### Data records:
************

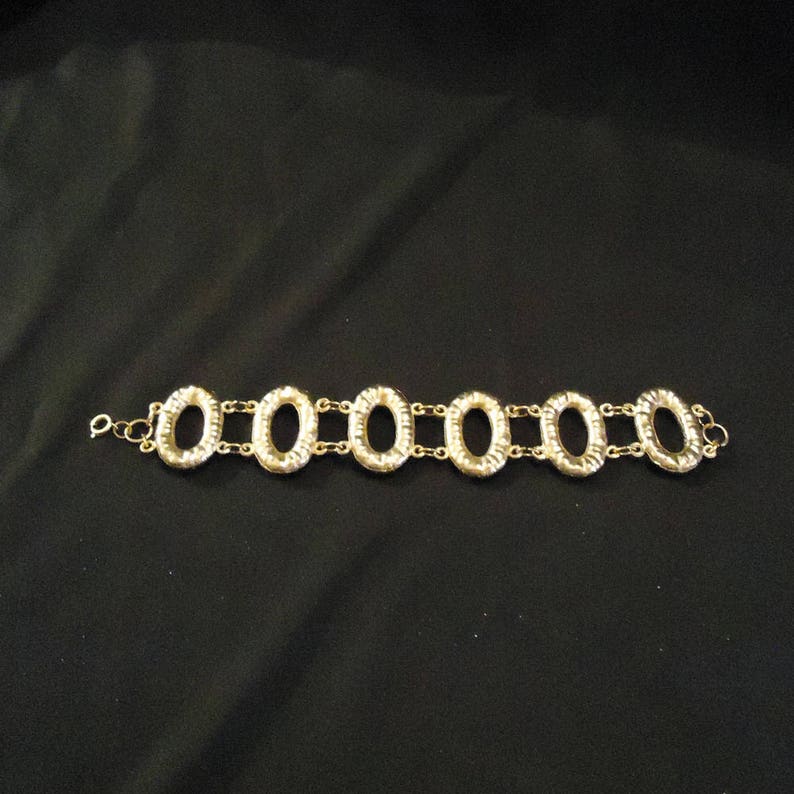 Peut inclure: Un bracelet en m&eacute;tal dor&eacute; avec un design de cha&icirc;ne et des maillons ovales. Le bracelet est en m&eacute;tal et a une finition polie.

************

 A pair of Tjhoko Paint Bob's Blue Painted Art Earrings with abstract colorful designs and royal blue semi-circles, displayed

************

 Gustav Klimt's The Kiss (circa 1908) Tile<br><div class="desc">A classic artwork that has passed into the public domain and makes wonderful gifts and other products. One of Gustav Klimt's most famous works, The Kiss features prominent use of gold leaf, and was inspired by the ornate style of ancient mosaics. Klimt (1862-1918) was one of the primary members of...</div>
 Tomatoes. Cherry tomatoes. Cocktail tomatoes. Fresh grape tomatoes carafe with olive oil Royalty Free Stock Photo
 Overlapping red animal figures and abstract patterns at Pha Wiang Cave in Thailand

************

### Description of the task:
Look through the material above and print exactly the lines from the one containing "Gustav Klimt's The" to the one containing "Overlapping red animal", both included, and nothing more.

### Solution for this exercise:
 Gustav Klimt's The Kiss (circa 1908) Tile<br><div class="desc">A classic artwork that has passed into the public domain and makes wonderful gifts and other products. One of Gustav Klimt's most famous works, The Kiss features prominent use of gold leaf, and was inspired by the ornate style of ancient mosaics. Klimt (1862-1918) was one of the primary members of...</div>
 Tomatoes. Cherry tomatoes. Cocktail tomatoes. Fresh grape tomatoes carafe with olive oil Royalty Free Stock Photo
 Overlapping red animal figures and abstract patterns at Pha Wiang Cave in Thailand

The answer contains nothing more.